Aduz que está satisfeito o ônus do Banco Apelado, em demonstrar o fato impeditivo e modificativo do direito do autor, art. 373, II CPC, devendo a r. sentença ser mantida em seus termos e fundamento.

Destaca informando que o contrato ora questionado, trata–se de uma operação formalizada corretamente sendo o valor contratado.

Continua afirmando que o contrato foi devidamente preenchido com os dados da parte apelante e inclusive se encontra assinado.
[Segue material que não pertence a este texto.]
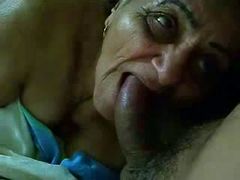 Indian grandma happily blows dick of her young lover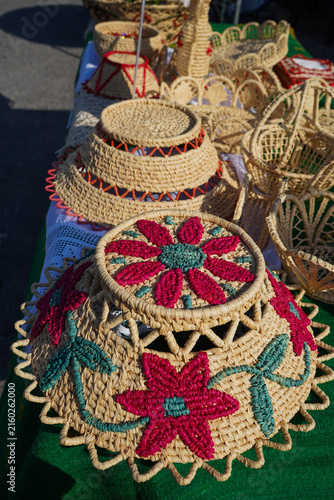 Фотография Collection of traditional handcrafted straw baskets and covers decorated with colorful woven floral designs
Destaca que os documentos apresentados ao Banco-Réu no momento da abertura do crédito eram todos originais e, após conferência junto aos Cadastros de Proteção ao Crédito e conferência do CPF junto a Secretaria da Receita verificou-se que a situação da autora era regular, portanto, o banco não poderia negar ao autor a realização de empréstimo, até porque a autora não tinha qualquer problema de inadimplência.

Ministério Público, sem parecer de mérito, ante a ausência de interesse público que justificasse sua intervenção. 

É a síntese do necessário.

VOTO

O SENHOR DESEMBARGADOR RICARDO GENTIL EULÁLIO DANTAS (Relator):



I – DA RELAÇÃO CONSUMERISTA 

 

Diante da situação fática exposta, e ainda que se considere a inexistência de relação jurídica de direito material entre os litigantes neste tocante, inegável ter sido a parte autora afetada pela prestação dos serviços da instituição financeira requerida, conforme cópia de extrato dos empréstimos consignados fornecidos pelo INSS.

Logo, inegável a aplicabilidade do Código de Defesa do Consumidor consoante disposto no artigo 17 do referido Diploma, verbis: "Art. 17. Para os efeitos desta seção, equiparam-se aos consumidores todas as vítimas do evento" 

 Ademais, quanto à aplicabilidade das normas consumeristas às instituições financeiras, incide na espécie a Súmula 297 do Superior Tribunal de Justiça: "Súmula 297 - O Código de Defesa do Consumidor é aplicável às instituições financeiras." 

Frente a esses argumentos, e por serem de ordem pública as normas protetivas do consumidor (art. 5º, XXXII, CF), admite-se a aplicabilidade do Código de Defesa do Consumidor ao presente recurso.

Assim, estabelecida a aplicação dos preceitos consumeristas à hipótese vertente em favor da parte recorrente, passa-se à análise da matéria impugnada.



            II – DA CONTROVÉRSIA ACERCA DA REGULARIDADE DA CONTRATAÇÃO



Percebe-se que a lide versa questões exaustivamente debatidas pela Jurisprudência deste Tribunal e os fatos encontram-se provados pelos documentos juntados com a exordial e manifestação da casa bancária, de modo que o julgamento no estado em que se encontra é possível, nos termos do artigo 355, I do CPC/15.

A celeuma cinge-se sobre a existência ou não dos requisitos necessários para a configuração do contrato de empréstimo bancário, na modalidade de consignação em pagamento.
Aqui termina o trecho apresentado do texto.